Sometimes I pick up The Yellow Hotel and it feels as if it just came out, although it's over two years
old already. I still feel close to those poems, which is unusual for me---I usually move along rather
rapidly in terms of which of my own poems still speak for me. It also feels like my "only" book, although
it's not. The people who run Verse Press are exactly the kind of people I needed to have publish that
book---talented and smart and genuine and dear. Also not pompous, which is probably more important to me
than anything. I got a lot of great feedback on that book, which lifted my spirits a lot. I had just been
through a sickening job fiasco in which a low-residency MFA program I designed, and which I'd been promised
the directorship of, was pulled out from under me by an unscrupulous, lying administrator. (I won't name the
university, but it's in Cambridge, begins with L, and rhymes with Wesley---ha!) So getting that particular
manuscript into print meant the world to me then. Still does.
What inspires you to write?
Shiny details, snippets of conversations, images from dreams, textures of feelings that need to be named.
Nuance. Injustice. Music. Lots of art. Body feelings. Also major life shifts in mood or approach.
Sudden realizations. The news. Other people's writing. I never know what it will be.
Your husband Carey is also a writer. Talk about that some.
Carey (P. Carey Reid) is a wonderful writer---fiction now, although he's done lots of poetry in his life.
His first book, Swimming in the Starry River, put him on a lot of people's favorite writer list. Years after
its publication, it's still being read by enthusiastic book groups. Carey is a very disciplined, hard-working
writer, while I'm a sort of hit-or-miss type. This allows one of us to be available at all time to feed the cats.
We actually met when he came to a poetry reading I was doing---to see the other reader! Carey is trying to
place some excellent manuscripts now. Our writing styles are as vastly different as our methods, although I
think after all these years we've each come to appreciate more of the other person's approach. While we
frequently don't agree on what's good, we usually agree on what's bad, especially in fiction. If I put a book
down because it's poorly written, I usually find that Carey's already rejected it. Carey's also a marvelous
photographer, and is just beginning to get noticed for that a bit. Our house is full of his pictures.

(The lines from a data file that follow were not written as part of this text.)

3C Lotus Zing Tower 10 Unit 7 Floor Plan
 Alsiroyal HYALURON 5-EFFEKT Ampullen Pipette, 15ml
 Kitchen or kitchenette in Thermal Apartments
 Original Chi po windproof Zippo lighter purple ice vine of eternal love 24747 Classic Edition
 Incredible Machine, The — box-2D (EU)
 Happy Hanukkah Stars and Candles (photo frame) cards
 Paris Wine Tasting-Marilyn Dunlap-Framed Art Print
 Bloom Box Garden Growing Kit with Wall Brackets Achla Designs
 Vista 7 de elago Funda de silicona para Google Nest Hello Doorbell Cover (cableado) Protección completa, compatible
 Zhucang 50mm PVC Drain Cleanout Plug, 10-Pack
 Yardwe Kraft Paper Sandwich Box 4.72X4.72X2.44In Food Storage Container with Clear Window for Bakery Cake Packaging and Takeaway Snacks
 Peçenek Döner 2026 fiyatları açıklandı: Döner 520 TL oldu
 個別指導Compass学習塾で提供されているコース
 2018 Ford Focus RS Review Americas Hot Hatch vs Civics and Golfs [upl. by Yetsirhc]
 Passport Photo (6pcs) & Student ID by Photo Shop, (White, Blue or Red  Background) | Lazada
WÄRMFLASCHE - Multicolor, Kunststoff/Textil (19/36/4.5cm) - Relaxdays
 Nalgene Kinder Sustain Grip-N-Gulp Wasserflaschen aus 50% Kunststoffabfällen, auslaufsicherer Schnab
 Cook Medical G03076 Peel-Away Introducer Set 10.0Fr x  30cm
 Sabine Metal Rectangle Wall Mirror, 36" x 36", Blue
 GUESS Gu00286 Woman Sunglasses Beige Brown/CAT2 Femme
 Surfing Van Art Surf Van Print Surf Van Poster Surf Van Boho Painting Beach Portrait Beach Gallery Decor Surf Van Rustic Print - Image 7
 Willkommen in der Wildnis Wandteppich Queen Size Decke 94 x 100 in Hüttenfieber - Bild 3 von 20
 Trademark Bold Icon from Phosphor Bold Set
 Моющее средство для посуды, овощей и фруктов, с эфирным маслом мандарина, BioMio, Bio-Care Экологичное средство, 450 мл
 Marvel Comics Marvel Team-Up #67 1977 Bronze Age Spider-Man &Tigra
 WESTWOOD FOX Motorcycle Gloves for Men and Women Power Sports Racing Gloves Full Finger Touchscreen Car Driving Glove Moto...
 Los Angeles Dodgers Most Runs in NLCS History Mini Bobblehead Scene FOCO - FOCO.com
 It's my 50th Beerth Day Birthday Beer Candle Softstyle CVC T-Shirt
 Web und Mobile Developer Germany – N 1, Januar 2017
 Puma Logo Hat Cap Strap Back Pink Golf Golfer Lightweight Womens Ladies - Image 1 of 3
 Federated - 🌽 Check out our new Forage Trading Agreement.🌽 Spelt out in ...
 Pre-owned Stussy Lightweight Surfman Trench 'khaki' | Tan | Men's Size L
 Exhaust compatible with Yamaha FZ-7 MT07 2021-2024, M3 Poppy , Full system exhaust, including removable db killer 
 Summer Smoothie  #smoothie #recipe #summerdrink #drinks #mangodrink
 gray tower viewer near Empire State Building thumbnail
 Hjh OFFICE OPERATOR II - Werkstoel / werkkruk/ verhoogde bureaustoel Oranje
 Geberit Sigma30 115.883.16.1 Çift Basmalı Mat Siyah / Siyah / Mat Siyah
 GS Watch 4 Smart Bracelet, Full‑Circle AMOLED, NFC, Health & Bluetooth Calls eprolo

What are you working on now?
As always, more poems. I'm not much of a "project" person. A couple of weeks ago I wrote some very short
poems for a change, but now most of my new work is longer again. A few specifically political poems, surprisingly.
Or maybe not surprisingly---our country is in such a sad state that it's almost impossible not to write about it.
The political poems are angry. The current administration just begs to be written about---I'm deeply offended by
George Bush and every mirror he's ever looked in. I have a new book manuscript that's looking for a home. There
are no overtly political poems in that, only because they didn't fit. The political ones might get grouped
together some day---or maybe they'd be better on a CD. I like reading them aloud and hearing the audience react.